And so it goes on. Sadly, the directorial flair and gleeful morbidity that de Ossorio brought to the proceeding films is nowhere to be seen here, as scene after scene is rendered with fixed camera, poorly focused long shots. Stripped of their horses and their medieval surroundings, the Templars, when they finally emerge, are a shadow of their former selves. With little in the way of interesting editing or atmospheric FX on hand to hide their essentially cheapo nature, their showing here must rank as one of the crappest gangs of cinematic zombies on record as they trundle around listlessly, arms stuck out straight in front of them in a thoroughly silly fashion.
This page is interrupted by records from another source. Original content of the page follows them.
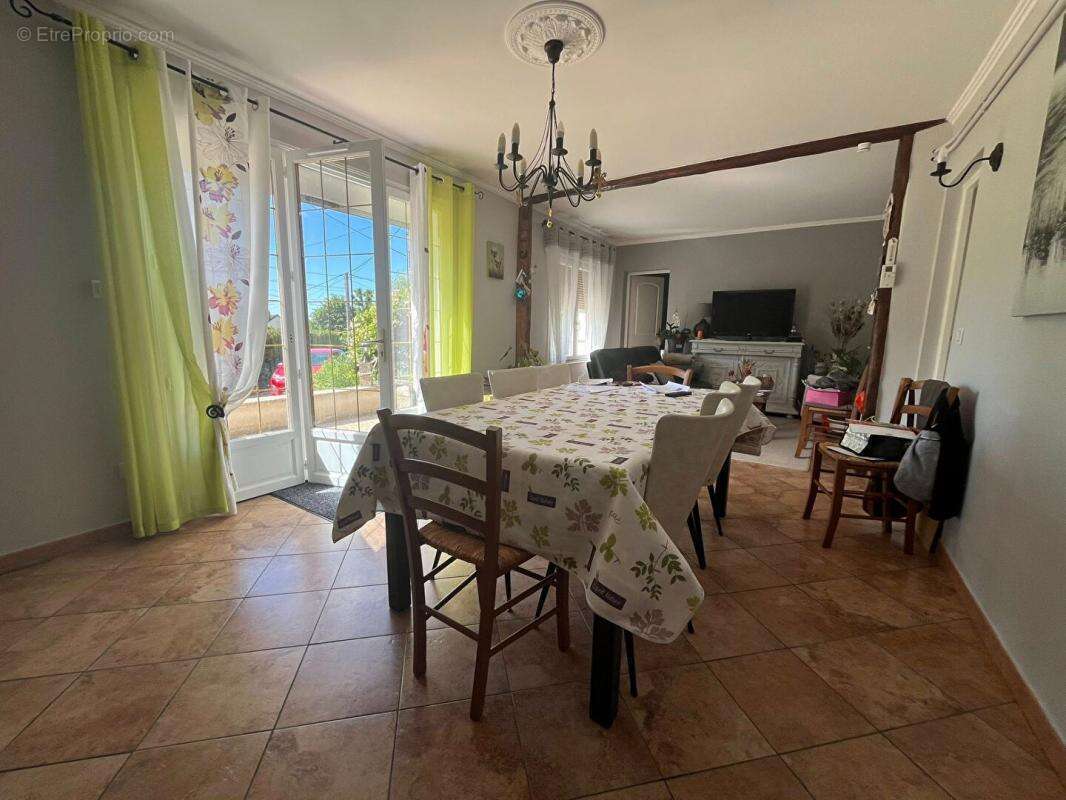 Maison à MEREVILLE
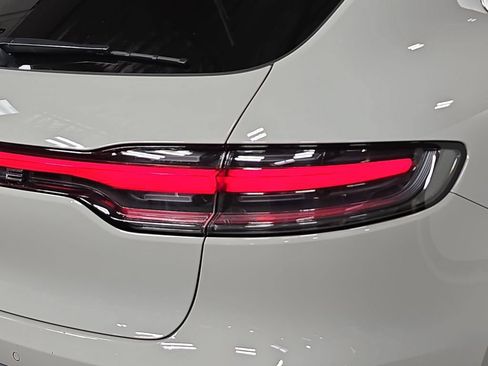Certified 2023 Porsche Macan S AWD/4WD image 30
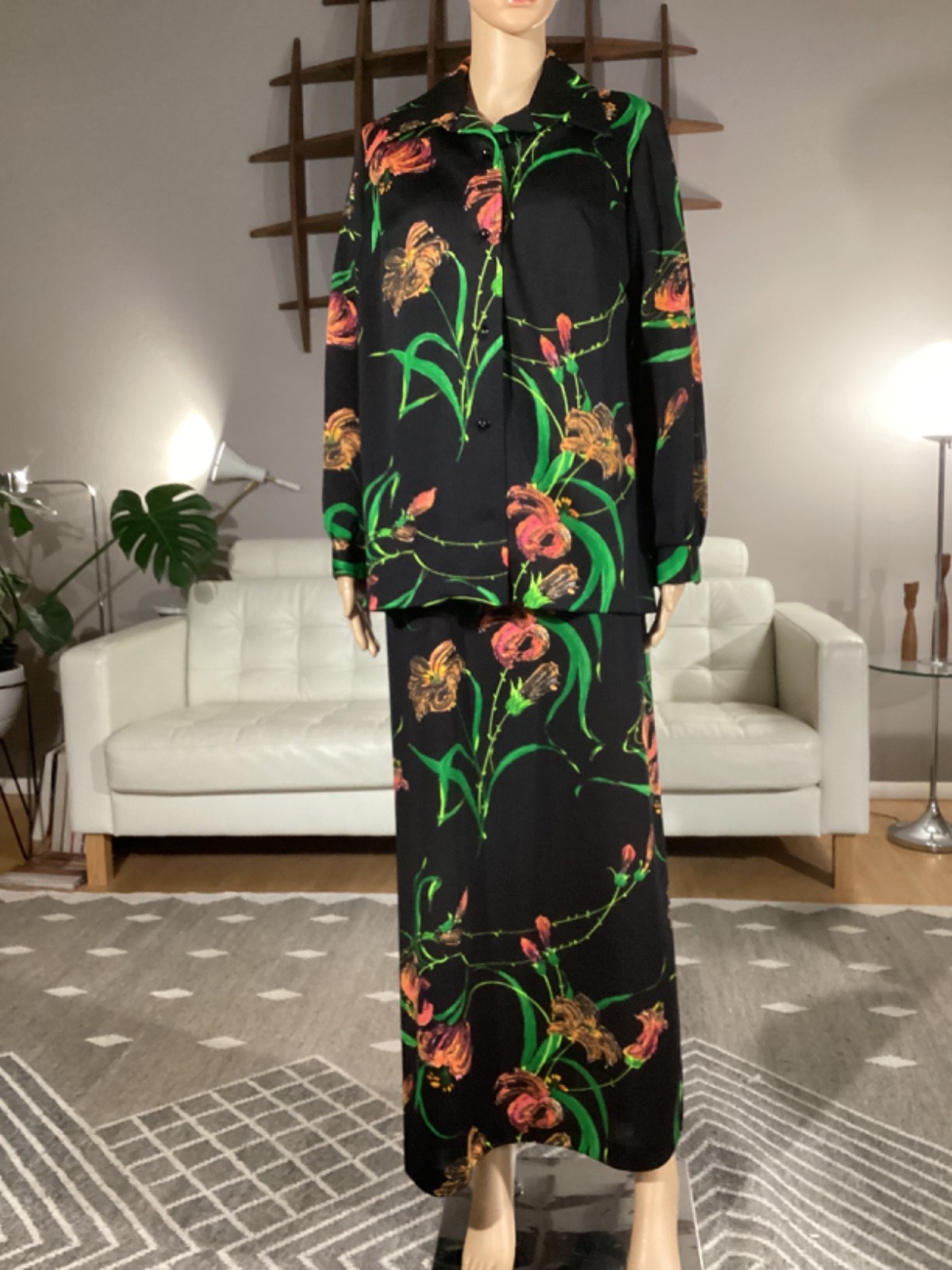 Vintage 1970s Black Bright Floral Poly 2-Pc Maxi Dress Jacket Top Set Size 10
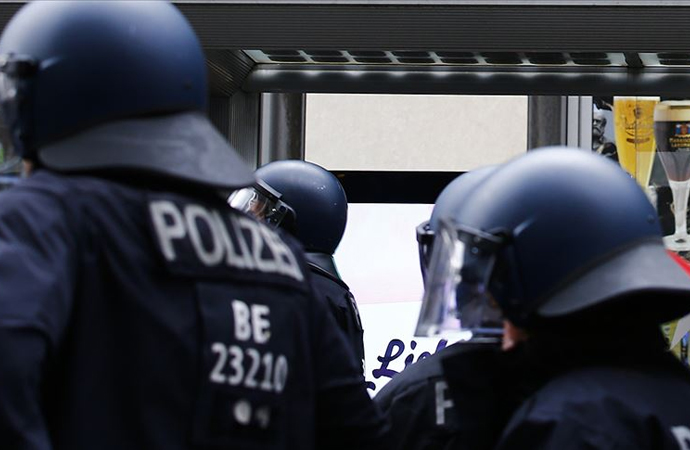 Alman polisi çocuk istismarı şüphesiyle 30 bin kişi hakkında soruşturma başlattı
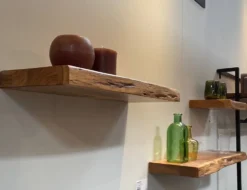 Wandregal mit Baumkante 50cm "Sydney" Akazie massiv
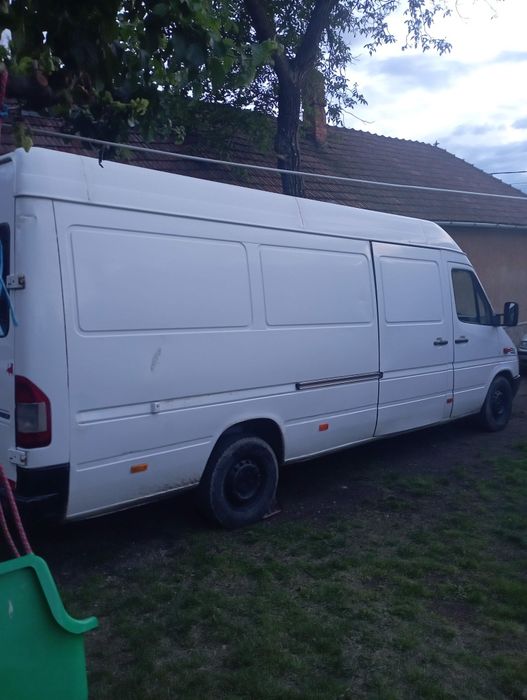 Dubă Mercedes sprinter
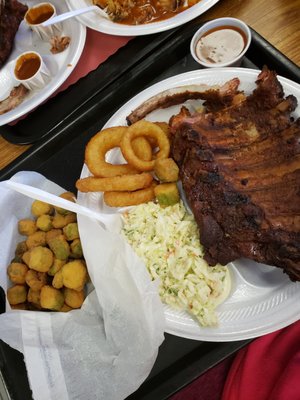Three Little Pigs Bar-B-Q by null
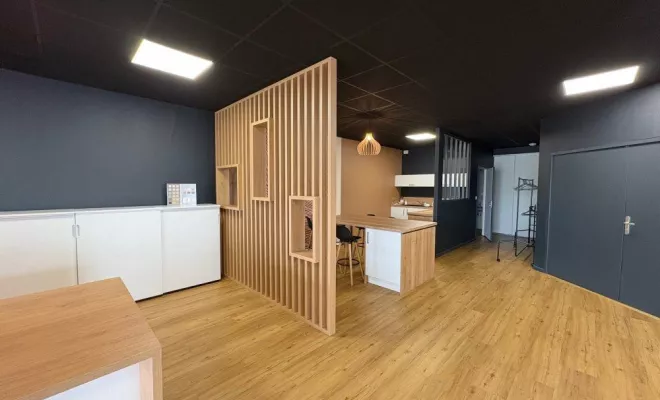 ISOLE PLUS - show-room de présentation de solutions de revalorisations énergétiques - Marsannay la Côte, Dijon, Kréatitud Design d’intérieurs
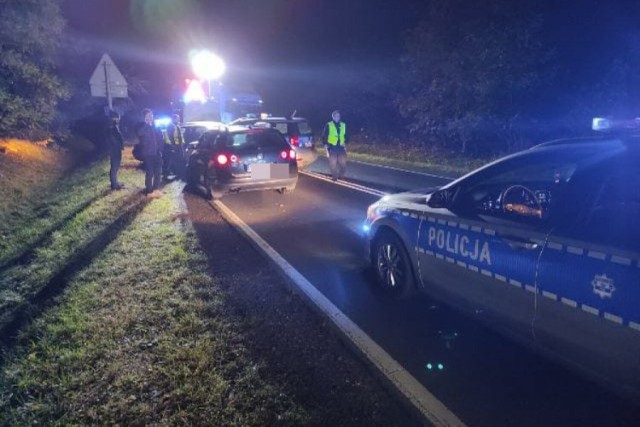 Strzały i pościg we Włodzimierzowie i Sulejowie. Policjanci gonili poszukiwanego i strzelali w opony samochodu.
Once everybody is trapped on the galleon, the film takes on a repetitious, Scooby-Doo-like ambience. Very, very slow Scooby-Doo, mind you. Scooby-Doo on ketamine, maybe. On and on it goes, as various combinations of characters traipse back and forth, back and forth across the same three wobbly ghost-ship sets, the whole thing seeming to drag on endlessly to no particularly satisfying conclusion, and indeed no conclusion at all in my case, as, I confess, I fell asleep for real this time, dreaming of unconvincing ghouls forever stalking poorly dubbed, barely recognisable characters across creaky pirate ships, in some self-sustaining nightmare of eternal boredom. This film is so mind-numbingly slow-paced in fact, even during scenes of distasteful, sleazy violence, that in places it feels as if they’re actually trying to make some kind of point about the banality of evil, as aptly demonstrated by the clip below:

There’s a fourth ‘Blind Dead’ film, mystifyingly entitled ‘Night of the Seagulls’ (boy, that’ll really pack ‘em in). Apparently it follows the further adventures of the Templar party-boat, as it comes to shore in a remote fishing village, where, I think it is safe to assume, our errant Knights probably chase around yet another bunch of scantily-clad girls, like the cadaverous Benny Hills they’ve been reduced to.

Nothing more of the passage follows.